Brick n Cheese calls its tacos “bricks” as a way to distance them from real tacos, Petit says. Its “signature brick” includes ground beef and chopped-up fried chicken in addition to the fries, cheese, and chipotle. It’s not as dense a gut-buster as you might think, a cheesy, meaty, comforting meal (or two meals) that stacks up well to takeout alternatives like Chipotle. (Taco Time is probably the closest Seattle comparison in terms of flavor profile.)

For now, both Brick’N’Cheese founders are in Seattle cooking the food themselves — with the help of one employee — at Capitol Hill Kitchens, a ghost kitchen operation on 13th Street. That means it’s only available to order through delivery apps or at an unmanned tablet sitting at the takeout window.

So far there have been a few hiccups in the Brick’N’Cheese rollout.

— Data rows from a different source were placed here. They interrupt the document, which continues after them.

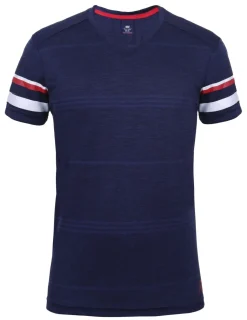 Rukka Ylikerava t-shirt blue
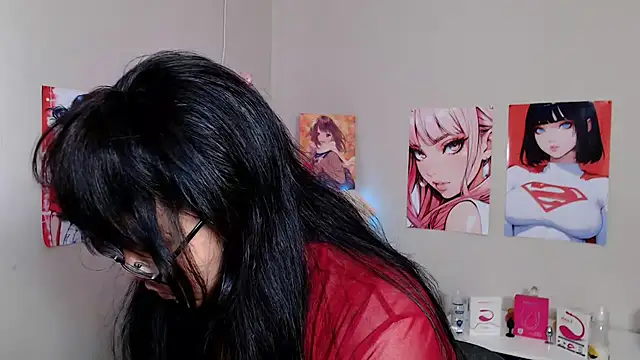 Snapshot of Moertomlly chatting on 09-10-25, 05:18 Moertomlly online show from 09-10-25, 05:18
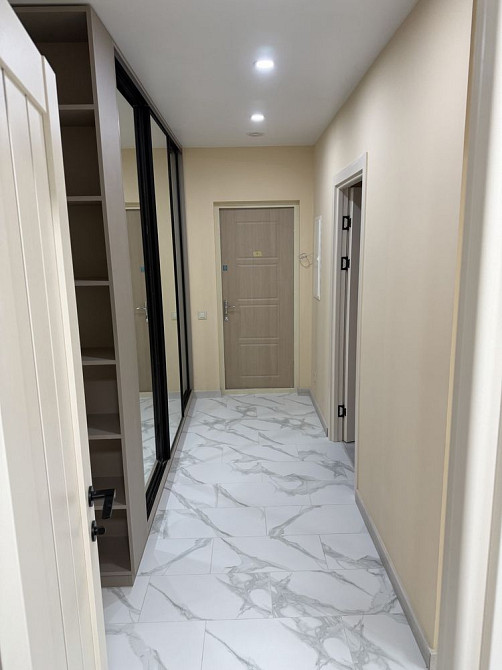 Здам 2 кімнатну квартиру на Стеценка Kyiv - photo 7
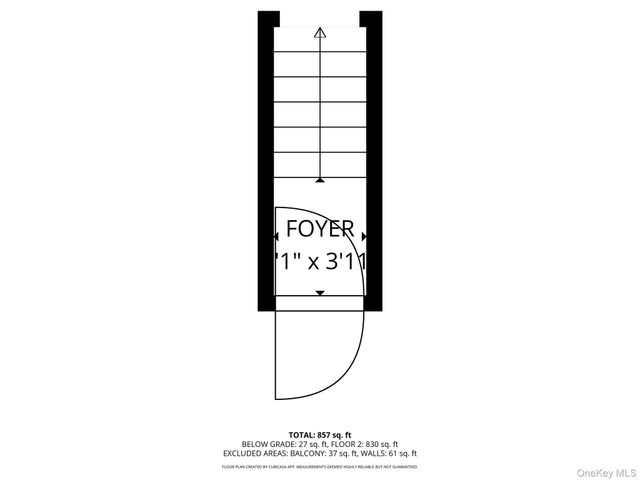 176 Newbrook Lane 176, Bay Shore, NY 11706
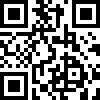 https://qudsonline.ir/x7ByB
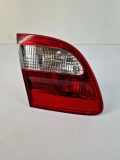 Heckklappenleuchte links MERCEDES-BENZ E (W211) E 220 CDI (211.008) A2118201364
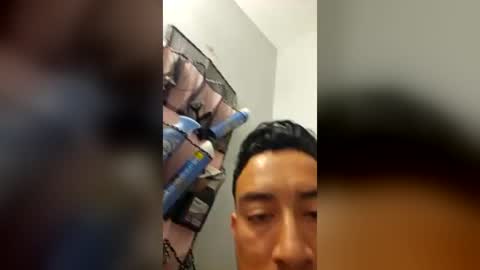 ithemighty9 online show from 06/27/26, 11:21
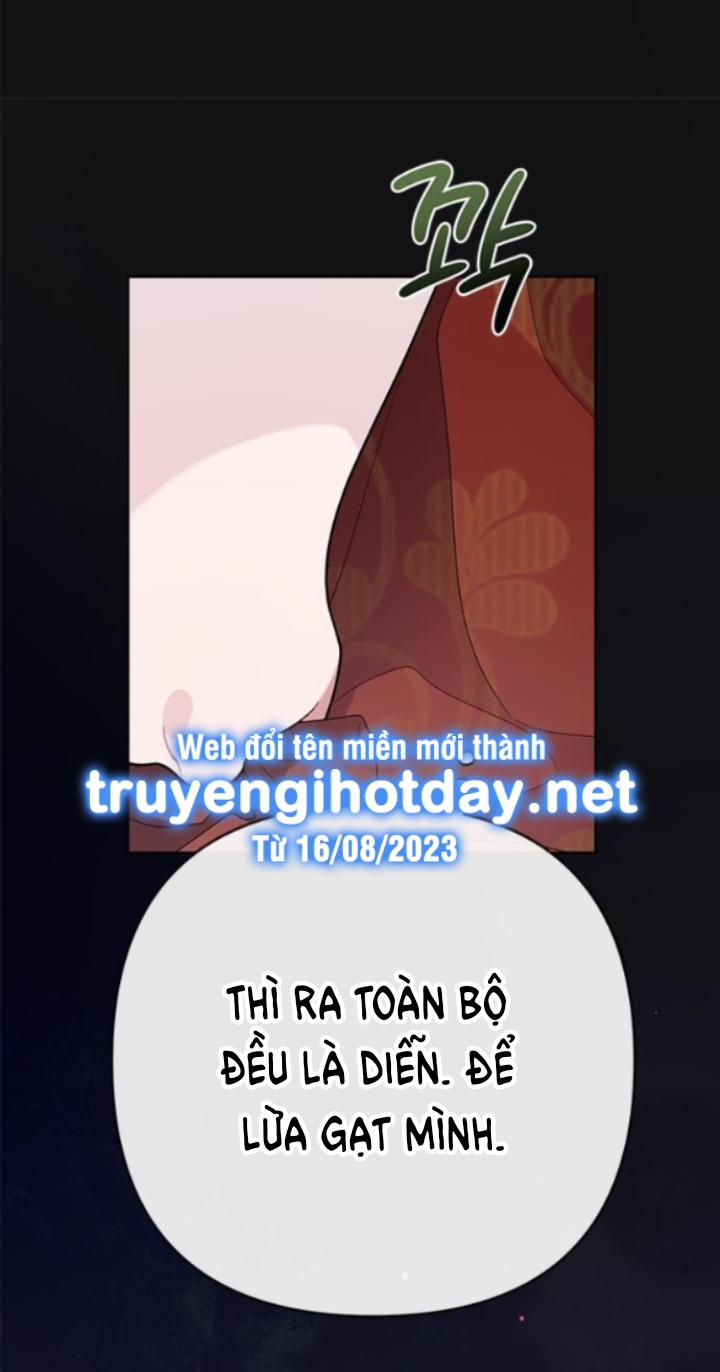 manhwax10.com - Truyện Manhwa Tiểu Bạo Chúa Chương 32 1 Trang 23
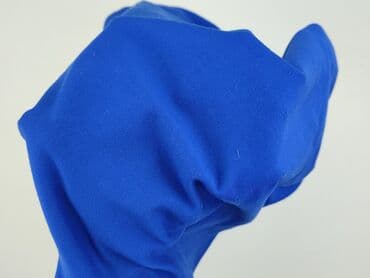 buty azuree: QUIOSQUE, Sukienka damska, rozmiar L — 6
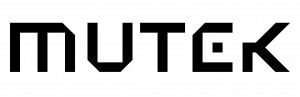 MUTEK_logo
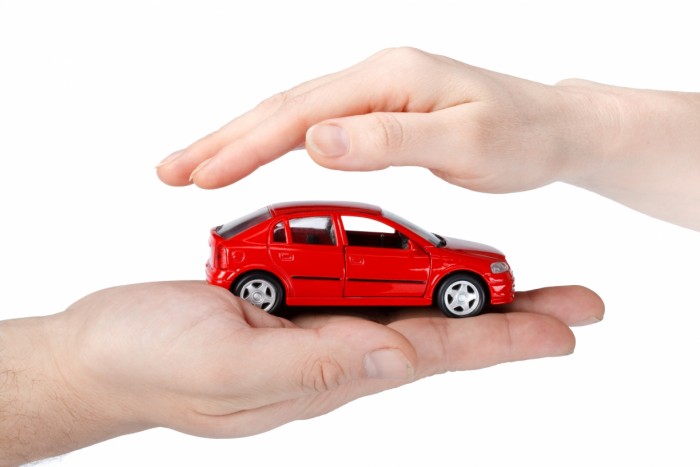 top-car-insurance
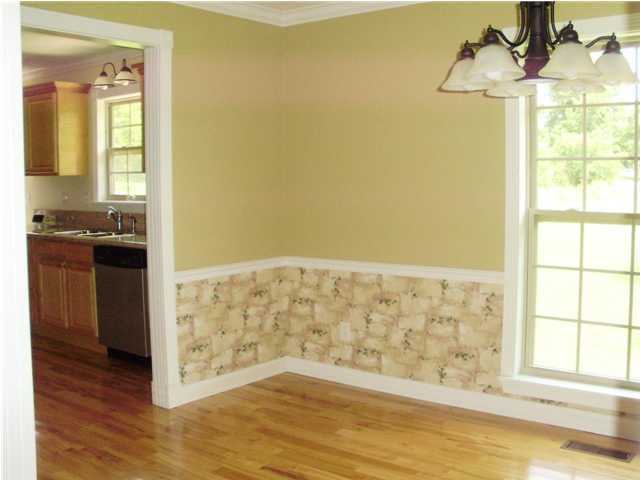 18 Blue Sewanee Road Dunlap, TN 37327 - Photo 6 of 19 Additional Photo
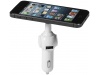 Suporte + carregador de telefone Rover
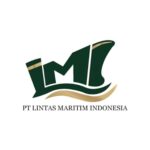 Lowongan Kerja PT Lintas Maritim Indonesia
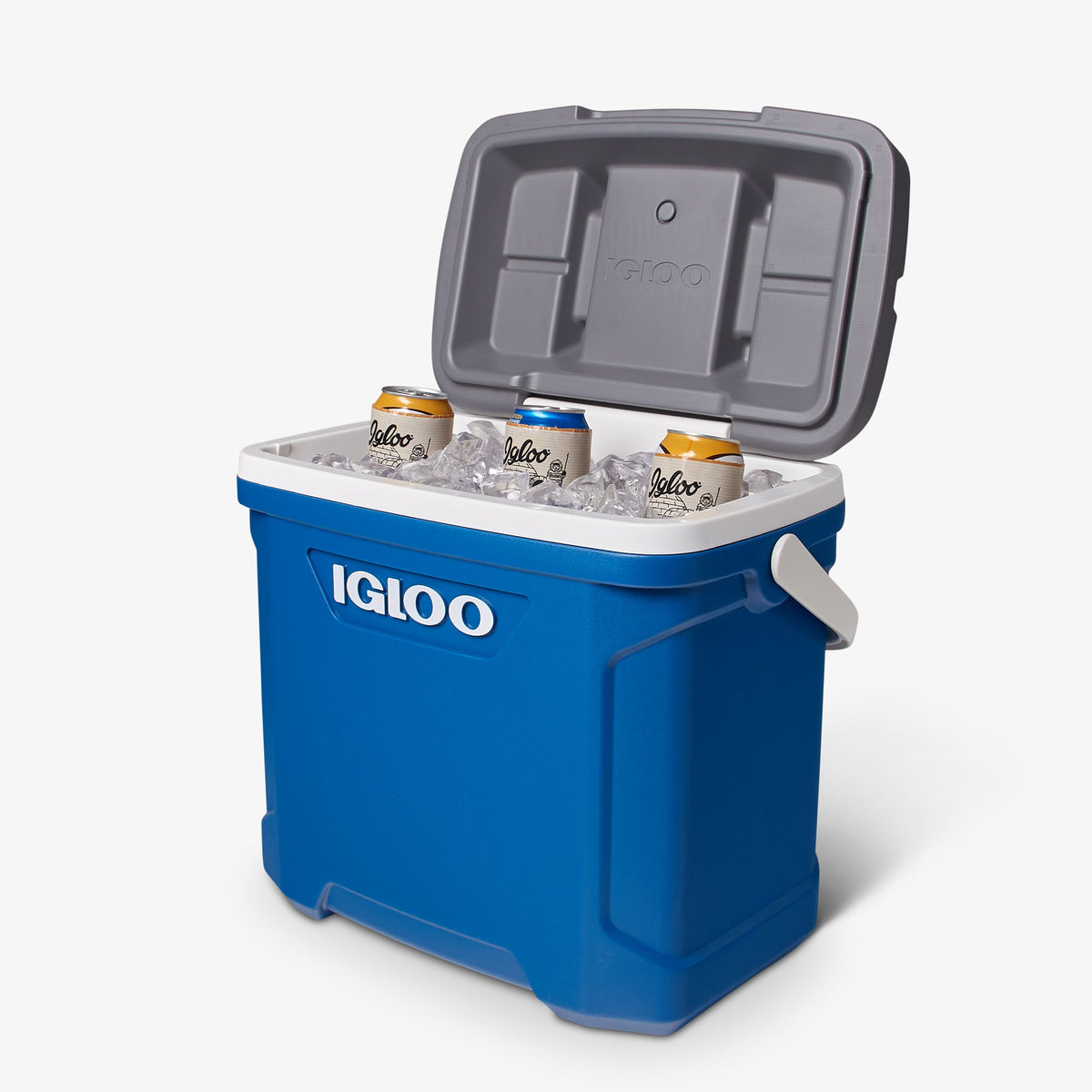 latitude-30-qt-cooler-v7 00050332-P1.jpg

On Instagram, the company announced that it was opening in “Seattle downtown,” a classic out-of-towner geographic error. Its first day of business, Monday, September 18, was a “disaster,” Petit says, because “Uber Eats wasn’t working well. But we had the first order.”

Eater Seattle interviewed Petit, and watched him assemble a brick, in the bare-bones ghost kitchen space on Tuesday afternoon. Not too many people knew about Brick’N’Cheese, or it was a little early in the day for that kind of food, because there weren’t any orders coming in.

Near the end of our conversation, the ticket machine started buzzing and a couple orders came out of the printer. Petit glanced down. “That’s actually the customer who ordered yesterday,” he said in surprise. Already, the French tacos have found their audience.